[tdwg-tag] Specimen identifiers [SEC=UNCLASSIFIED]
steve.baskauf at vanderbilt.edu
Mon Feb 27 22:17:48 CET 2012
In all of this discussion I am surprised that there has been no mention
of Biodiversity Collections Index (BCI;
http://www.biodiversitycollectionsindex.org/). To my knowledge, it has
never been "down" for any significant period of time and has an
extremely comprehensive listing of collections. Any collection that
isn't there can be added in a matter of a few minutes.
The reason why URLs are globally unique is because a centralized
authority (ICANN) makes sure that no two entities can have the same
domain name. It is the responsibility of the domain owner to not have
two URLs that are the same within that domain. In other words, the
domain owner makes sure that they identify their resources using locally
unique identifiers which in combination with the domain name creates a
globally unique identifier.
BCI essentially performs an analogous function to ICANN in the
biodiversity informatics community. It assigns a unique number to each
collection and ensures that no two collections can have the same
number. It slaps that number onto the end of the string
"urn:lsid:biocol.org:col:" to create an LSID and onto the end of
"http://biocol.org/urn:lsid:biocol.org:col:" to create an HTTP URI, both
of which are globally unique, actionable (in their own ways), and
All of the hand wringing about people changing their collection codes or
institution codes, or about two institutions in different fields (or
units within the same institution) having the same institution codes
goes away if we simply use the BCI-assigned number to identify the
collection. Within a particular collection, it is the institution's
responsibility to create and maintain locally unique identifiers for
their specimens. BCI has a systematic way to relate subcollections
within collections (each with their own identifier) and a large
institution with subcollections would just have to delegate at what
level the coordination of locally unique identifiers would be done.

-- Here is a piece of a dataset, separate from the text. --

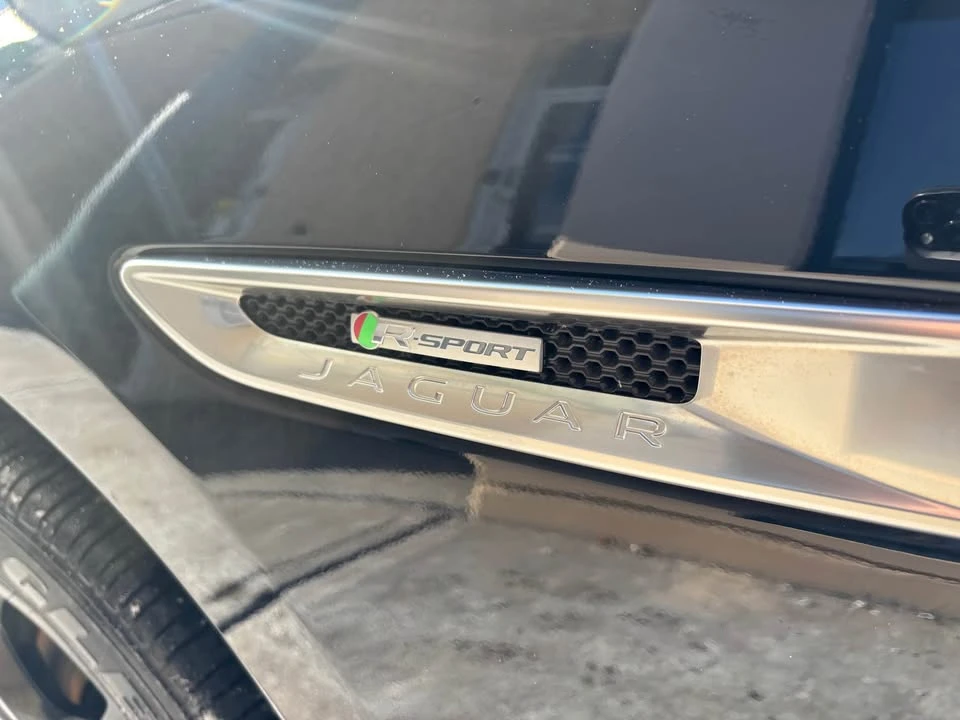 2017 Jaguar F-Pace - Image 11 of 20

Nobody outside the institution can do it for them - they just need to
bear the responsibility to stick with a system and not change it.

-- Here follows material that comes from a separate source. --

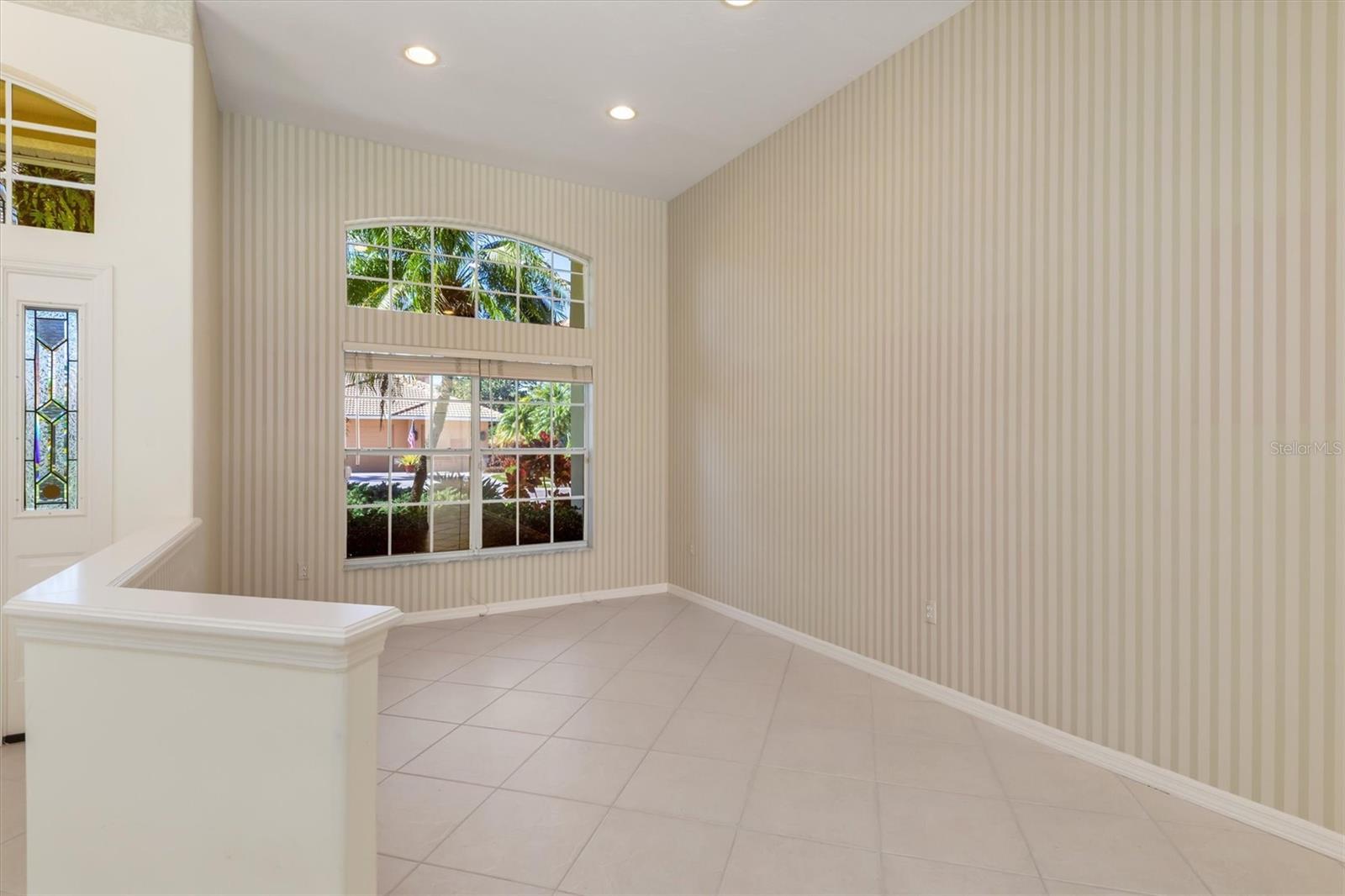 Image 8 of 50 For 8468 Woodbriar Drive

I mention this because there are really three categories of
1. Those with enough stability and the financial and IT resources to
generate and provide dereferencing for their own actionable GUIDs.
2. Those with the ability to generate and maintain a database of
non-HTTP-dereferenceable globally unique identifiers (I'm thinking about
UUIDs or UUIDs that are part of LSIDs) and to associate them with
specimens in their database, but which do not have the IT infrastructure
or the inclination to provide actionability for their globally unique
3. Those who have a system of assigning locally unique identifiers (I'm
thinking bar codes) to their specimens but who because of small size
will probably never have sophisticated IT capabilities nor the ability
to provide dereferencing for actionable GUIDs.

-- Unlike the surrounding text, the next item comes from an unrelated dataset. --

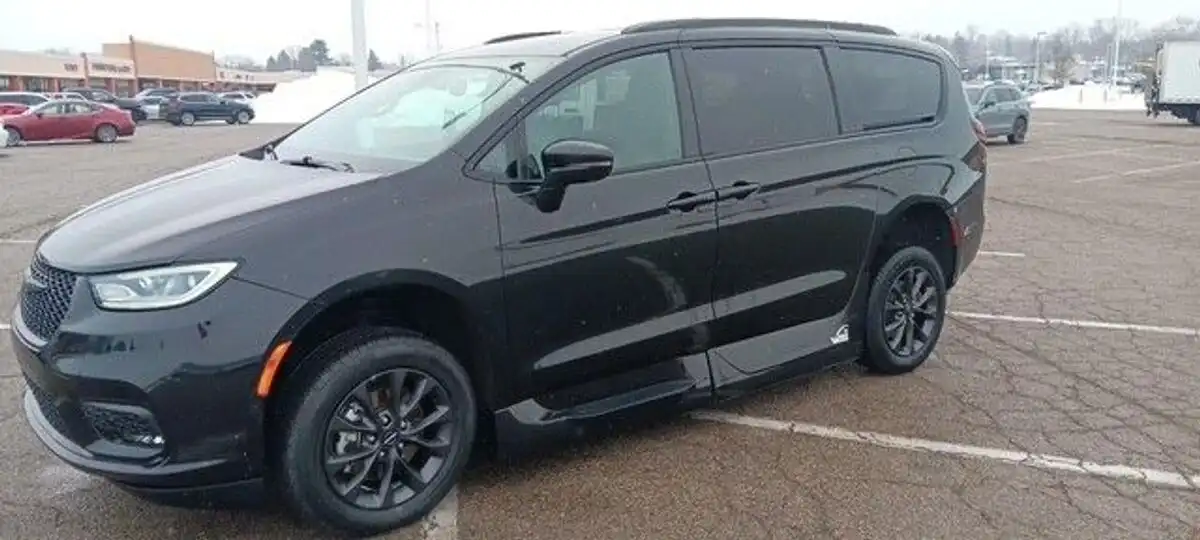 2021 Chrysler Pacifica Touring L's photo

Either categories 2 or 3 would include institutions that do not have
control over a stable domain name or which have institutional
restrictions on the use of domain names that would preclude use of their
domain name as part of an HTTP URI.
Category 1 institutions create HTTP URI GUIDs using their domain names
and do whatever they want as far as the locally unique part of their
GUID is concerned. Their freedom comes with the responsibility of
providing dereferencing under their domain name forever.
Category 2 and 3 institutions create globally unique and persistent, but
not (yet) dereferenceable identifiers with the hope of transforming them
into HTTP URIs at a later time. Category 2 institutions have this
already in the form of their UUIDs. Category 3 institutions create
their own globally unique identifiers by means of a simple rule: "place
the BCI number for our collection, followed by a slash, in front of our
locally unique identifier" (e.g. "15590/" for the LSU herbarium +
"LSU00000434" for the barcode to create "15590/LSU00000434" as an
identifier for the specimen shown at
Category 3 institutions go to BCI and write in the "note" for their
collection what their rule is and then anybody who knows the barcode (or
accession number or whatever kind of locally unique number they commit
to) for the specimen knows the non-actionable globally unique
identifier. If the institution already consistently uses a "Darwin Core
triple" (institutionID:collectionID:catalogNumber) as a "poor-man's
GUID" in their database, they could slap "the BCI number for our
collection, followed by a slash" in front of it to guarantee that it
didn't clash with any others Darwin Core triples.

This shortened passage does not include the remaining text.